After breakfast we drive south for a panoramic drive towards Asahikawa in central Hokkaido. We call at a Japanese sake brewery to discover the area’s rich sakebrewing heritage. Our next destination is the lovely Ueno Farm, set in an English-style garden designed to complement the unique climate of Hokkaido. More than 2,000 varieties of perennial plants bloom across ten themed areas, notably the Mirror Border that features symmetrical rows of flower beds lining a red-brick walkway. It’s a wonderful place for a stroll, giving you ample time to admire the meticulously landscaped garden.
Today's itinerary may change subject to season.
We then check in to the three-star Hoshino Resorts OMO7 or Furano Prince Hotel Furano, where our two-night stay includes breakfast.
Today we drive through the picturesque countryside of the Furano-Biei region in central Hokkaido, first visiting the beautiful flower garden of Shikisai-no-oka, a 37 acre (15 hectare) hill of seasonal colourful flowers from late April to October resembling a vibrant patchwork blanket.
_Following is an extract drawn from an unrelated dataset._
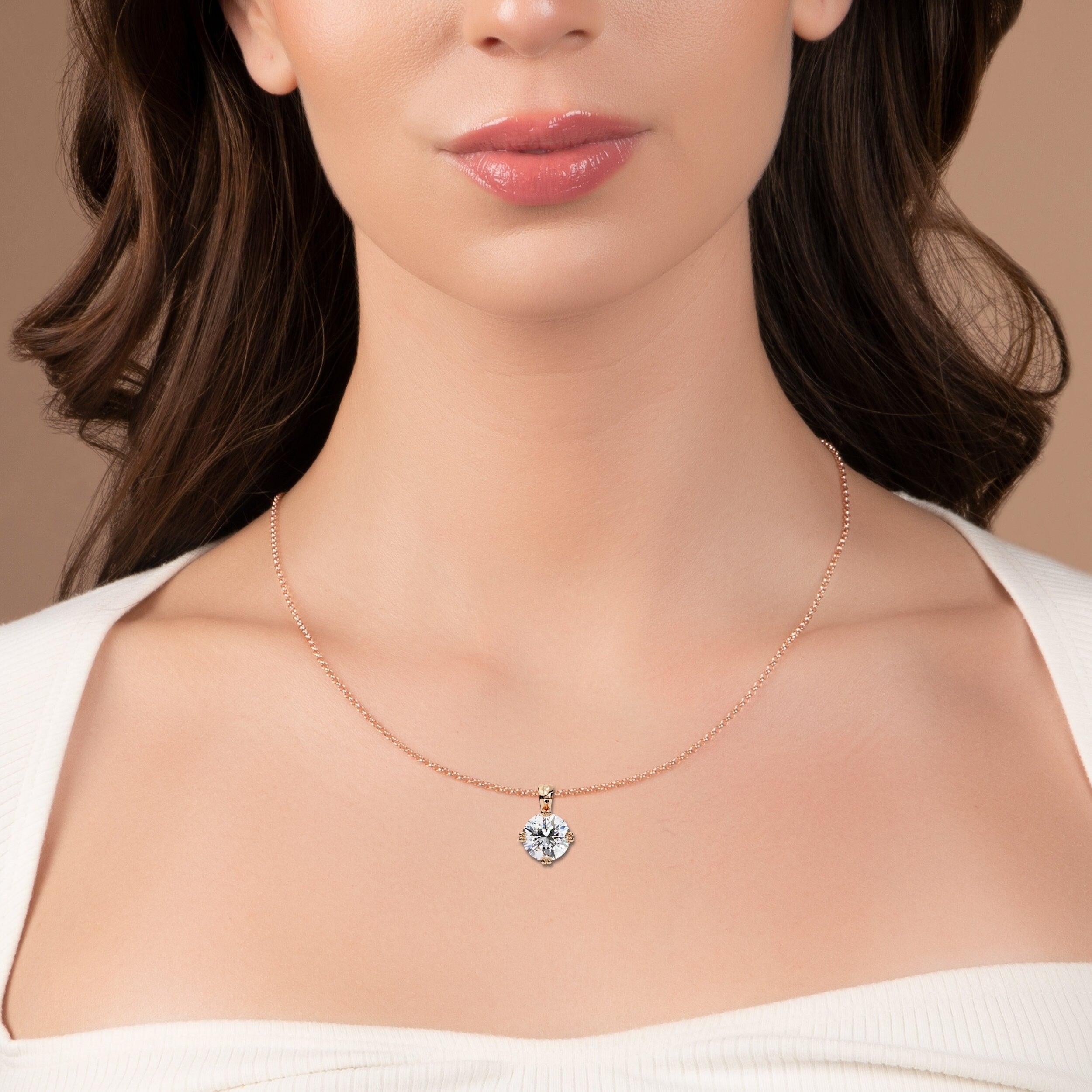 1.98 Carat Round Shape Lab Diamond Pendant Necklace – E Color VVS2 Clarity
Feast your eyes on the rainbow strips of dahlia, lavender, salvia, sunflowers, tulips and Japanese anemone. We also experience the famed lavender fields of Farm Tomita, which started around 1903 and is one of the oldest in Japan. Featuring a combination of nine fields, two quaint gardens and a greenhouse, we discover these carpets of colour. The farm produces an array of lavender products of which in 1990 Farm Tomita’s essential oil won first prize at the ‘Lavender Perfume Fair’ in France. Seasonal flowering from mid-April to October and flower varieties depend on season visited.
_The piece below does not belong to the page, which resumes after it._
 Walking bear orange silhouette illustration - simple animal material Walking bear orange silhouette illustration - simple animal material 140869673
Another highlight today is the famous Shirogane pond of Biei, developed from aluminium seeping into the water of the River Biei, causing it to turn luminescent by accident as a result of efforts to control mudslides after the 1988 volcano eruption of Mount Tokachi to protect the town of Biei from volcanic mudflows. The unusual colour isn’t its only interesting feature – while it’s surrounded by living trees, there are the remains of birch and larch trees that once grew here before the pond was formed.
After breakfast, we drive eastwards to the Shiretoko Peninsula to delve into the region’s more recent yet no less compelling history. Our first stop is the Abashiri Prison Museum, originally built in the 1890’s and in operation from the 19th to early 20th centuries. Abashiri was the country’s first maximum security prison, known locally as the ‘Alcatraz of Japan’ for the sheer remoteness of the location. As we explore the carefully reconstructed buildings, we get compelling insights into the lives of the prisoners, who were made to build the roads within Hokkaido and to link to the more populous south of which a majority of the main road infrastructure still stands today.
We experience an included ‘prison lunch’, similar to what is offered to inmates at the present Abashiri Prison, now in a different location. Grilled fresh fish is served with rice, barley, vegetables and miso soup – healthy and simple.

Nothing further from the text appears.